# INPUT MATERIAL
=== Begin Enclosure ===
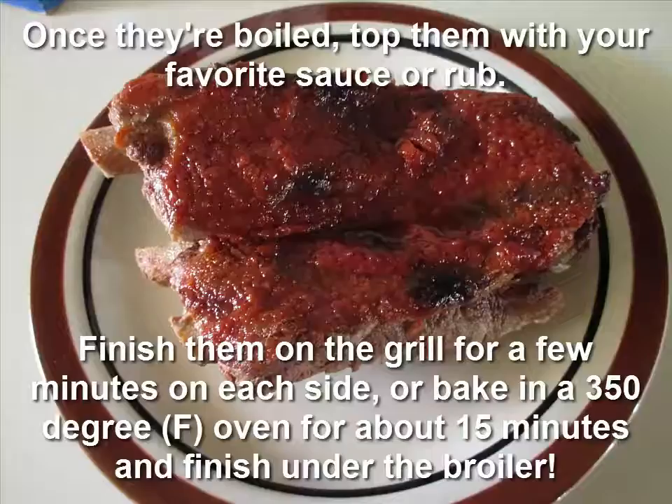Either finish them on the grill for a few minutes on each side, or throw them in a 350 degree Fahrenheit oven for about 15 minutes, or you can finish them under the broiler and enjoy.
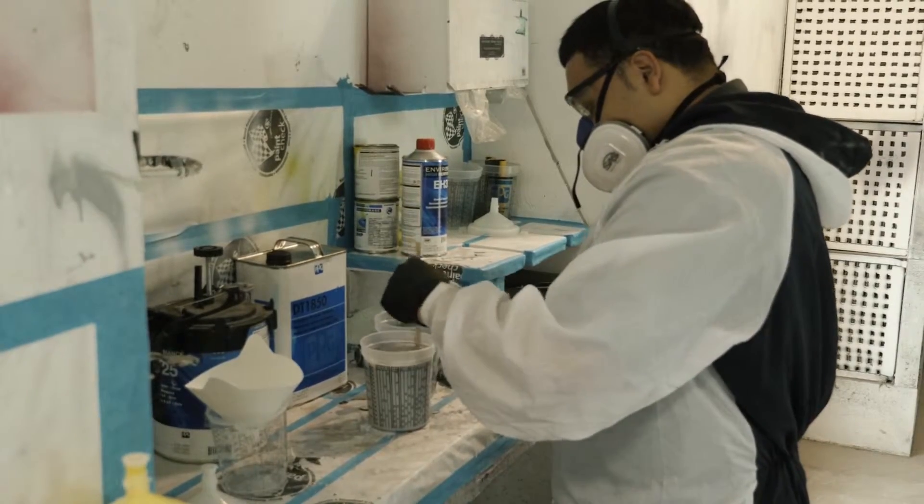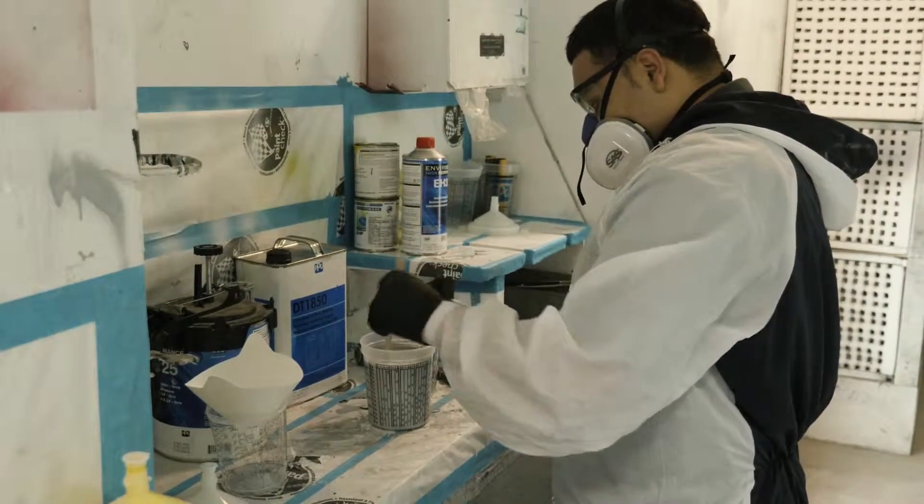We're mixing the paint, we're getting the gun clean, we're getting our respirators on, our shoot suits, and we're just getting ready to primer right now.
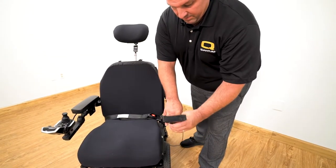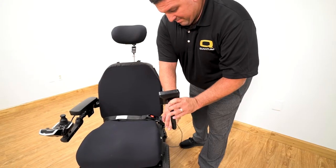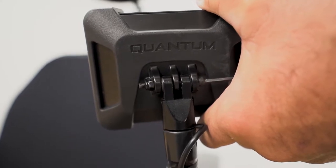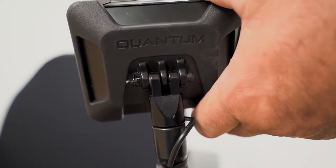Position the display by moving the gooseneck. The tension on the display is also adjustable, allowing you to set the right amount of force for your client to move the display.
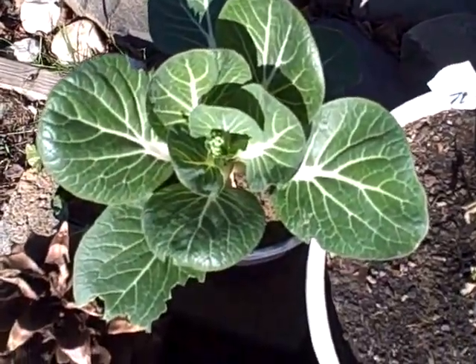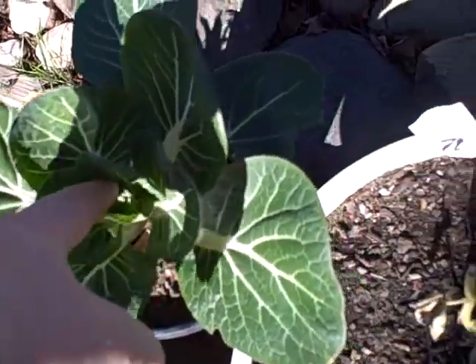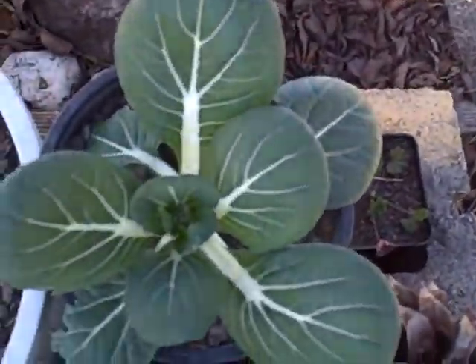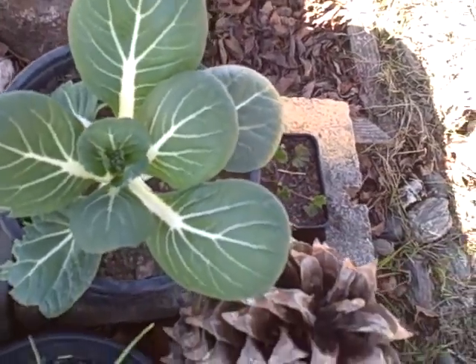Right there is a bok choy — it's starting to bolt. That's what I expected it to do in that little pot, but that's alright. That one's bolting too, and it's not as big.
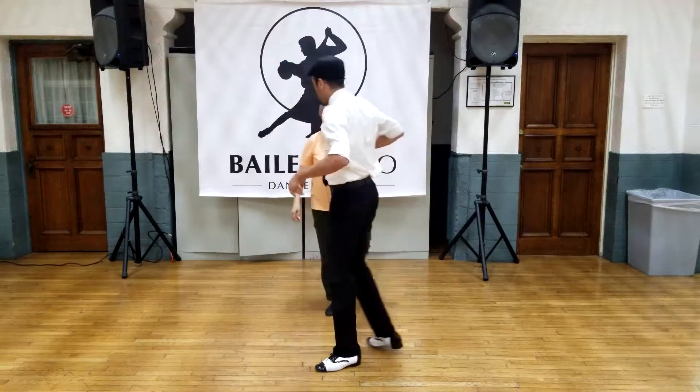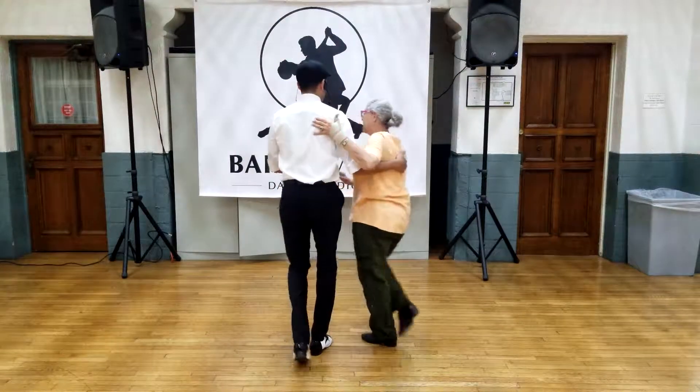The guy turns — one, two — back walk, pull her into a basic back walk.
=== End Enclosure ===
# WHAT YOU ARE ASKED TO DO
Please set down every line of the listing verbatim, excluding its pictures.

# EXPECTED OUTPUT
Either finish them on the grill for a few minutes on each side, or throw them in a 350 degree Fahrenheit oven for about 15 minutes, or you can finish them under the broiler and enjoy.
We're mixing the paint, we're getting the gun clean, we're getting our respirators on, our shoot suits, and we're just getting ready to primer right now.
Position the display by moving the gooseneck. The tension on the display is also adjustable, allowing you to set the right amount of force for your client to move the display.
Right there is a bok choy — it's starting to bolt. That's what I expected it to do in that little pot, but that's alright. That one's bolting too, and it's not as big.
The guy turns — one, two — back walk, pull her into a basic back walk.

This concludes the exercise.